Autre exemple : un individu qui prendrait la fuite. Ce mouvement peut déclencher un comportement de prédation. "Le réflexe est alors assez automatique, et l’objectif de la bête est de stopper sa proie", explique Nicolas Sergent. Il suffit dès lors "qu’un seul chien fasse cette action" pour que potentiellement les autres suivent, dans un acte de "mimétisme", et que la série de morsures soit fatale pour la victime. Si un tel comportement semble possible, selon le comportementaliste, la société de vénerie avance de son côté que "jamais aucun accident corporel humain impliquant des chiens de [chasse à courre] n’a été relevé".

Un chien catégorisé comme "susceptible d'être dangereux"

Parmi les 67 chiens pouvant être impliqués dans ce décès, les enquêteurs ont également effectué des prélèvements sur ceux appartenant au couple. Ils sont au nombre de cinq, des American staffordshire Terrier. L'un d'entre eux a été retrouvé aux côtés du corps de la jeune femme. Cette race est classée comme "susceptible d’être dangereuse" par le Livre des Origines françaises (LOF). Nicolas Sergent rappelle toutefois que ce n’est pas parce qu’un chien est catégorisé comme tel qu’il est réellement dangereux : "Ce n'est pas la race qui est un facteur de dangerosité, c'est l'utilisation que nous, humains, faisons des chiens et l'éducation que nous leur donnons". Cette classification est d'ailleurs souvent remise en question par les professionnels du secteur. 

Selon le directeur de Vox animae, un organisme de formations aux comportements animaliers, la réaction d’un chien de compagnie s’inscrit essentiellement par rapport à l’environnement dans lequel il grandit.

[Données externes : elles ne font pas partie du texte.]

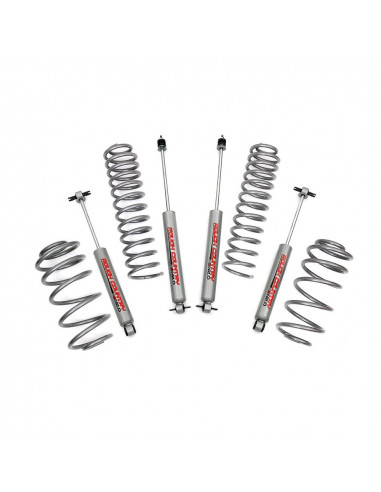 ROUGH COUNTRY KIT SUSPENSION 2.5" N3 4 Cil |...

Chien "d’attaque", cette race peut, à l'instar de tout chien, s’en prendre à ses congénères. Sauf que "cette réponse à une probabilité très faible d'être mortelle si le chien a bien été socialisé... et familiarisé". C’est-à-dire habitué aux autres bêtes de son espèce, ou "familiarisé", entendre par là qu’il n’est pas acclimaté aux autres êtres vivants, comme les humains. 

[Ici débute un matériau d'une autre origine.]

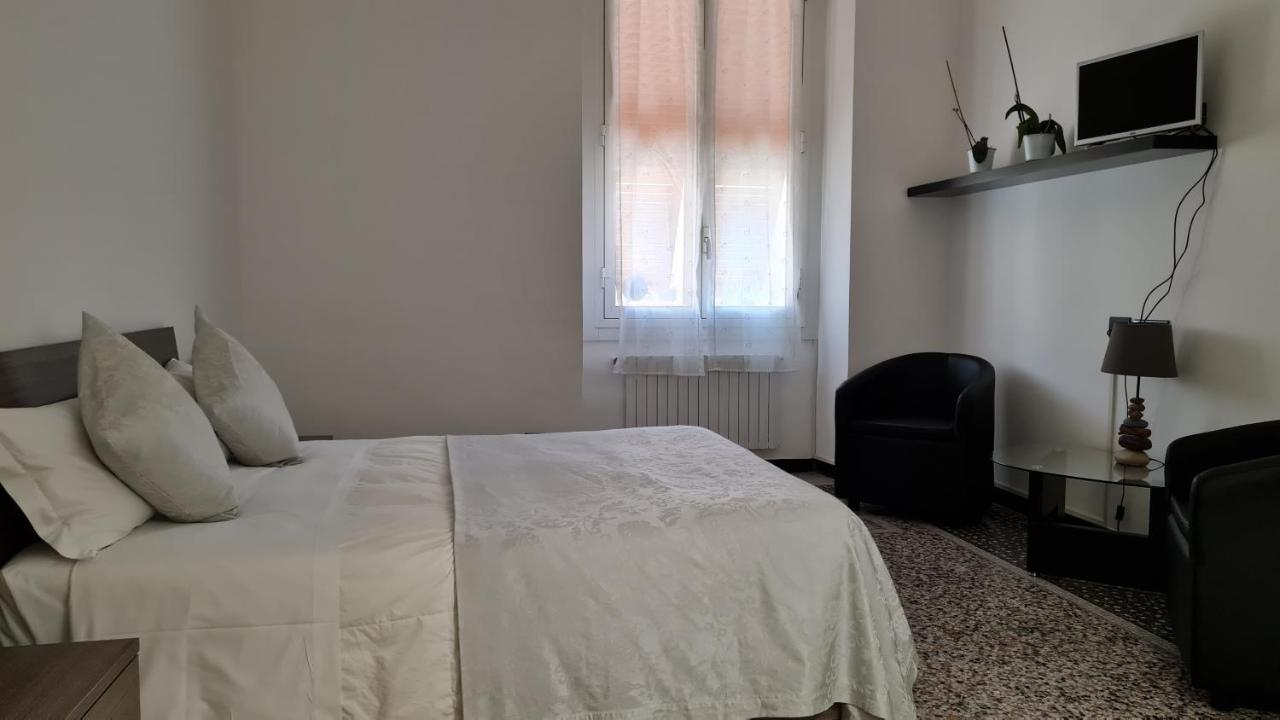 Apartament Basilico Genova Zewnętrze zdjęcie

Apeuré, un chien est capable de se dégager par tous les moyens
Nicolas Sergent, spécialiste du comportement canin

Si la bête a bien été "socialisée" et "familiarisée", alors sa réaction violente peut être liée à un élément externe,  comme un autre individu qui  l’a mise en colère. Cette réaction, très rare, peut être empirée par la réaction du maître. Par exemple, si l’animal est pris de panique, "son premier réflexe sera de fuir". Sauf que s'il est tenu en laisse "alors, le chien est capable de se dégager par tous les moyens", notamment en mordant. Cependant, il est très peu probable qu'il s’acharne au point de tuer : "Dans ces cas-là, une ou deux morsures au bras auraient suffi à faire lâcher la laisse". 

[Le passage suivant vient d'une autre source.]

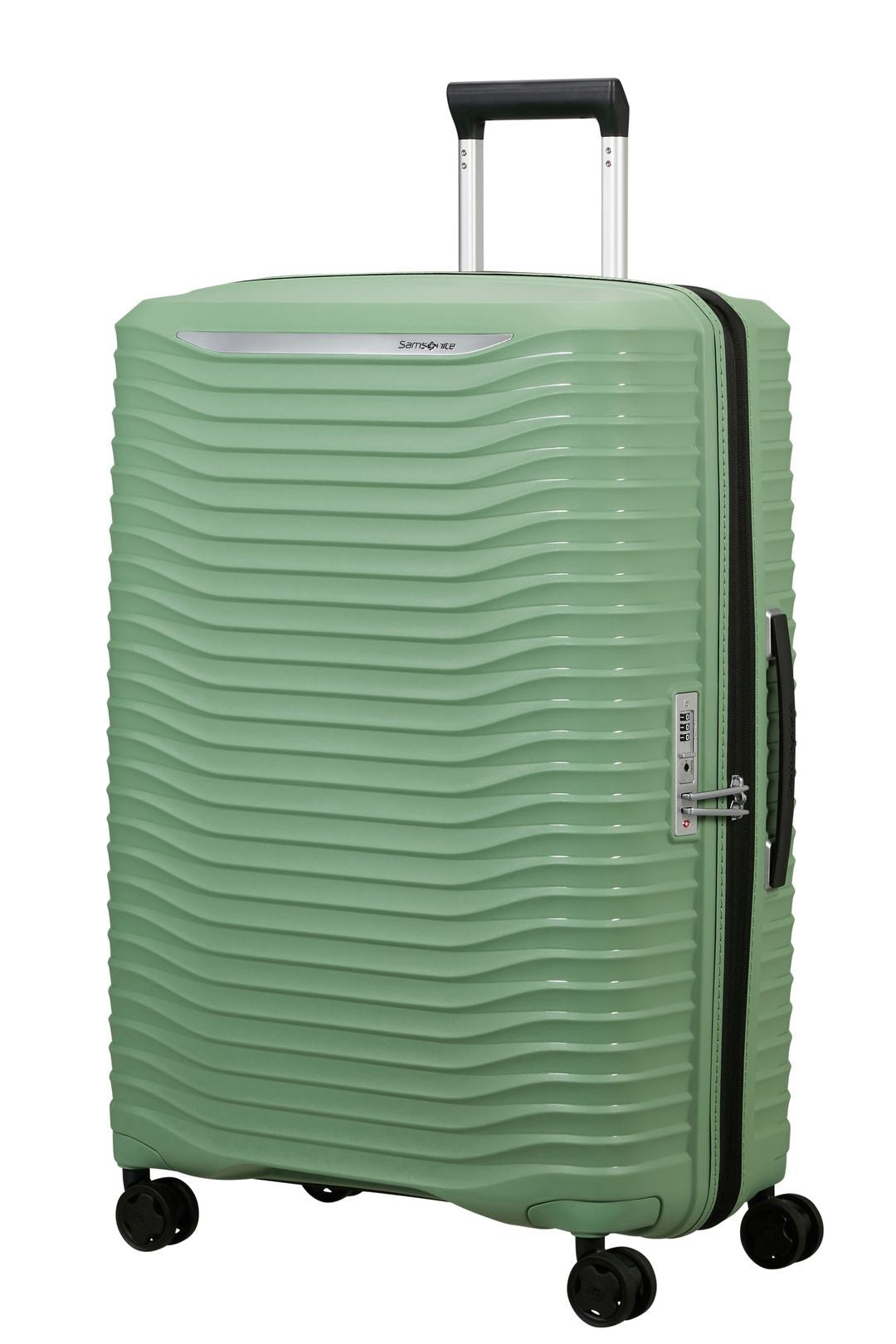 Extensible UPSCAPE large suitcase of SAMSONITE 75cm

En l'absence de témoins, ce sont les prélèvements génétiques qui vont permettre d'"identifier" les animaux ayant attaqué Elisa Pilarski. Leurs résultats ne sont pas attendus avant plusieurs jours, avait prévenu le procureur tandis qu'une information judiciaire contre X a été ouverte pour "homicide involontaire par maladresse, imprudence, inattention, négligence ou manquement à une obligation de prudence ou de sécurité imposée par la loi ou le règlement résultant de l'agression commise par des chiens". Jeudi, Antoine Gallon, directeur de la communication de la société de Vénerie, a assuré à l'AFP "que des vétérinaires ont inspecté les 62 chiens de l'équipage - 21 participant à la chasse et 41 restés à la propriété - et aucun ne présentait de traces de morsure".